The Fall River-based Pocasset Wampanoag Tribe is disputing the Mashpee Wampanoag Tribe’s claims to historical roots in Taunton, and said Mashpees shouldn’t have exclusive rights to a tribal casino license for a gaming facility it hopes to build in the Silver City.
Instead, Pocasset Tribal Chairman George Spring Buffalo said that all Native Americans in the state — those who are affiliated with a federally recognized tribe and those who are not — should come together in pursuit of a casino in southeastern Massachusetts under the ownership of a collective tribal nation.
“It’s not (the Mashpee Wampanoag’s) territory,” Buffalo said.
“It’s our territory. We don’t particularly like people coming into our territory and making money off of it. ... We are looking, like we’ve always been saying, we’re looking for a nation’s casino in Massachusetts. Not one tribe. Not the state trying to pit all the tribes against each other for a license.”
The Massachusetts gaming legislation signed into law last year provides three casino licenses, and gives a federally recognized Native American tribe the first shot at applying for one in the southeastern Massachusetts region. In addition to the Mashpees, the Aquinnah Wampanoag are also pursuing the tribal license for a location on sovereign land on Martha’s Vineyard, or in Freetown, Lakeville or Fall River.
Mashpee Wampanoag Tribal Chairman Cedric Cromwell disputed the claim that his tribe doesn’t have roots in Taunton.
“The Mashpee Wampanoag Tribe’s historical connection to Taunton, as well as all of southeastern Massachusetts, is well-documented,” Cromwell said. “We are in compliance with all eligibility requirements of the applicable state and federal laws regarding gaming, and we are working hard to bring jobs, revenue and economic opportunity to Taunton, southeastern Massachusetts and our tribe with our destination resort casino.”
Pocasset and Mashpee history Buffalo said that the Pocasset tribe — which has held reservation lands in Fall River since colonial times but is not federally recognized, although it has an application in — has true claim to origins in southeastern Massachusetts, while the Mashpees were a “conglomeration” of Native Americans that came together to Cape Cod from all over after King Philip’s War from areas that may have included Taunton, among many other places like Fall River and Maine.
“They never had political or social connection to the Taunton area except for some members (who) came from there,” Buffalo said. “The Cromwell administration doesn’t have a clue.”
Lesley Rich, an attorney for the Pocasset, said the Mashpee Wampanoag’s logic can be compared to a statement that “the Irish came to the U.S. from Ireland, therefore the U.S. now owns Ireland.”
When asked about the Aquinnahs, Buffalo said they gave up their sovereignty in a deal that led to federal recognition in the 1980s. The Aquinnah Tribe declined to comment on the Pocasset’s claims, but have previously said they did not give up their sovereignty.

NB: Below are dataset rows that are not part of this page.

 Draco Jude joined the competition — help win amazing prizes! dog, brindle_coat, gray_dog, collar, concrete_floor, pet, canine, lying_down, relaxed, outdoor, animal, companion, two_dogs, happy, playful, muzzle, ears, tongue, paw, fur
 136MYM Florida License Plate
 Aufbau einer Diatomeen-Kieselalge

While he didn’t feel that the Aquinnahs would qualify under the law, Buffalo criticized the Massachusetts gaming legislation. Specifically, Buffalo said the law only allows a casino for a federally recognized tribe, and that the Massachusetts Gaming Commission is composed of all white men — and no Native Americans or minorities.

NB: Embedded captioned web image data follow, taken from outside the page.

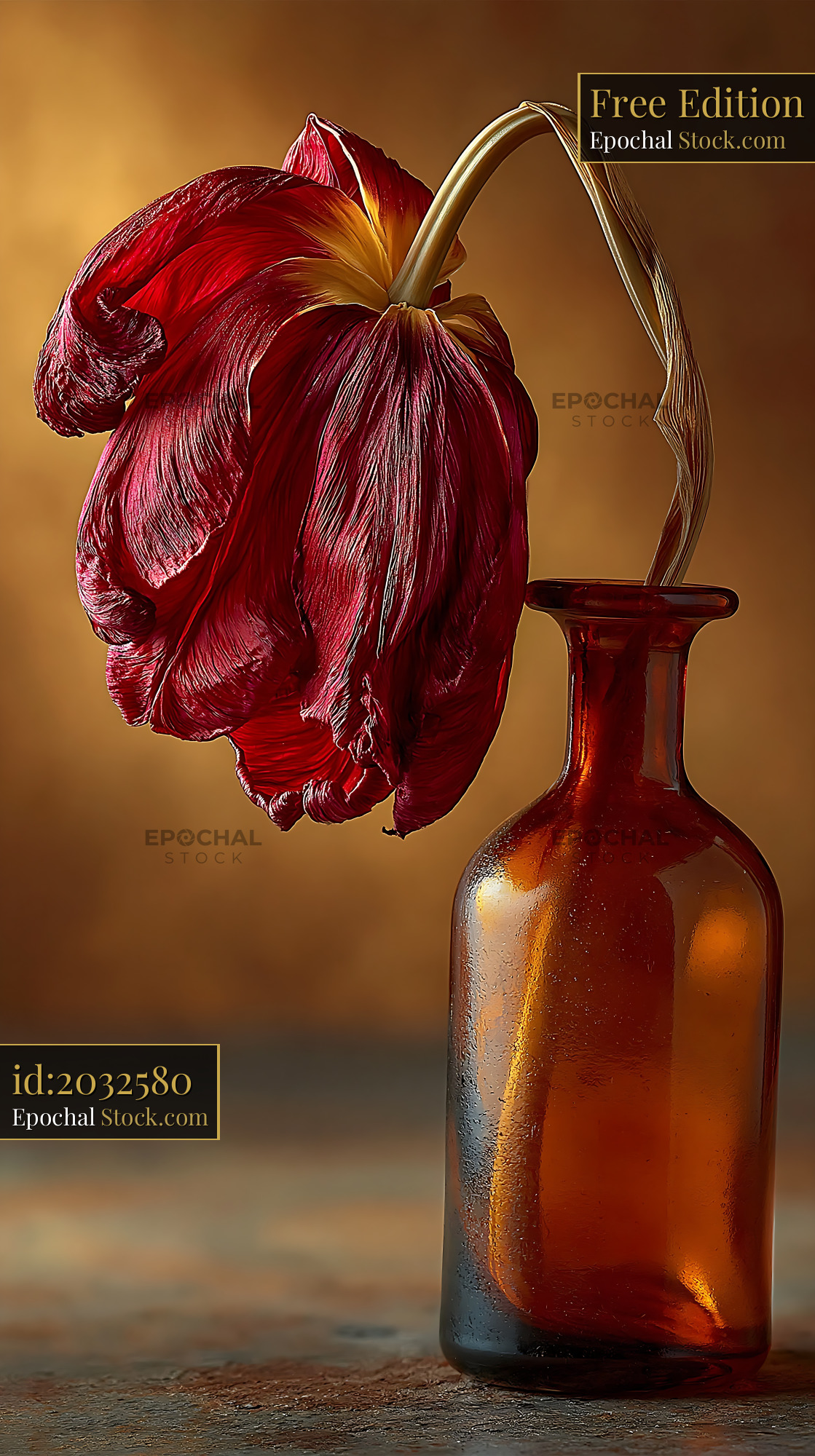 Single wilted red tulip in an amber glass vase - stock photo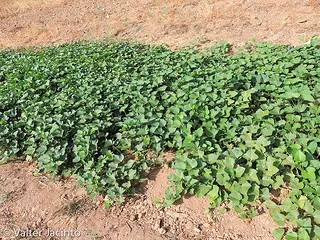 sweet potato vines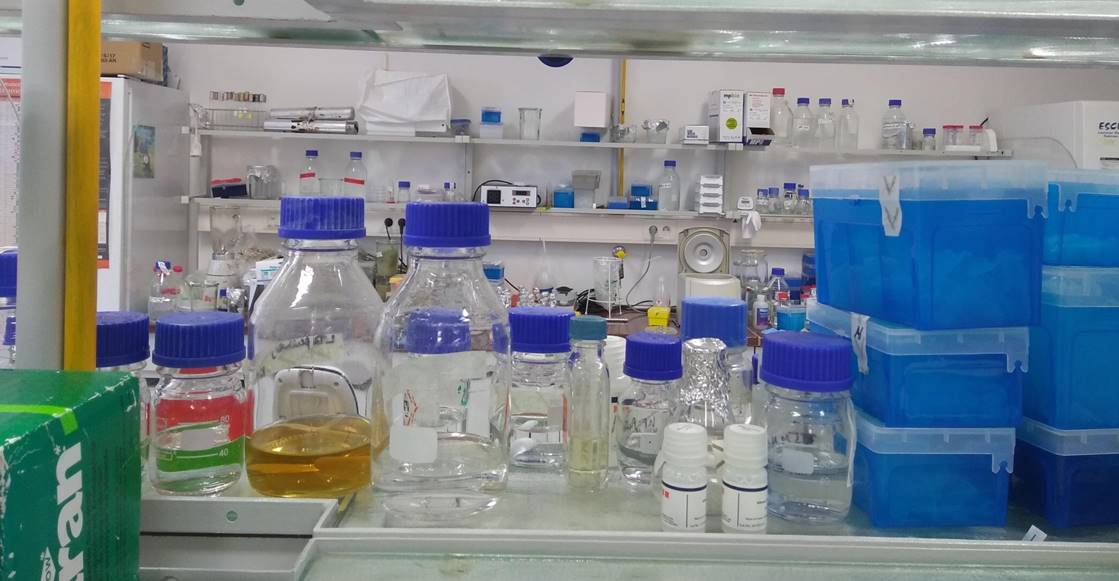 Molecular_biology_ready_for_action_II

“Just because you are a federally recognized tribe doesn’t give you a special wand giving you the ability to do things right,” Buffalo said. “We get along good with the Mashpee, and they are friends ... but we need to come together for a common cause.”
By the law In order for the Mashpee Tribe to build a casino in Taunton, the law requires that the federal Bureau of Indian Affairs first take land into trust on behalf of the tribe, converting the land into sovereign Indian territory. But the tribe is required to show the BIA that it has historical connections to the land to receive approval.

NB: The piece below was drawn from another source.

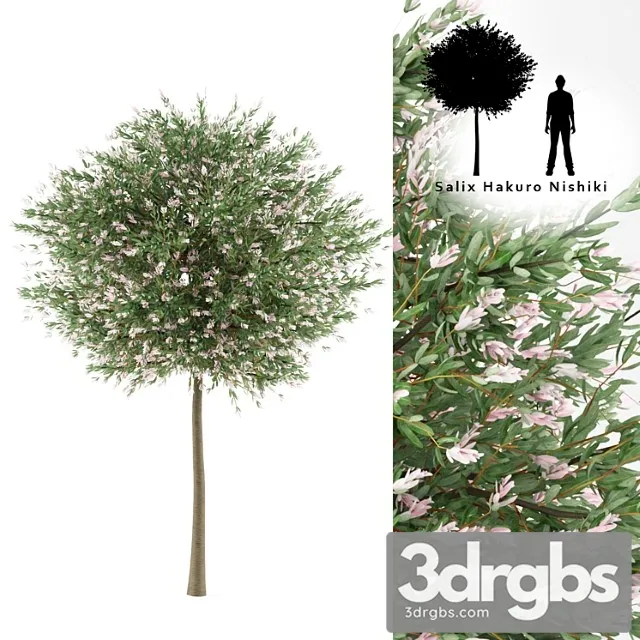 Solid Willow Tree Salih Integra Hakuro Threads 3D Model Download
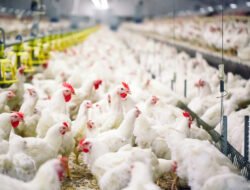 Harga DOC Melangit, Peternak Mandiri Pantura Menjerit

In March, former U.S. Rep. Richard Pombo, a California Republican, wrote Gov. Deval Patrick informing him that a land trust dispute like the one the Pocasset are making would likely create a legal roadblock for a tribe to get approval from the BIA. Pombo, who oversaw tribal issues as the chair of the U.S. House Committee on Natural Resources, recommended the idea of a consortium of Massachusetts tribes jointly operating a casino in the state.
The Mashpee and the Aquinnah, however, appeared to be opposed to the consortium idea. On the other hand, Buffalo said the two tribes make up less than 25 percent of the Native Americans in the state.
“The Mashpee and the Aquinnah are a minority of Native Americans in the commonwealth,” Buffalo said.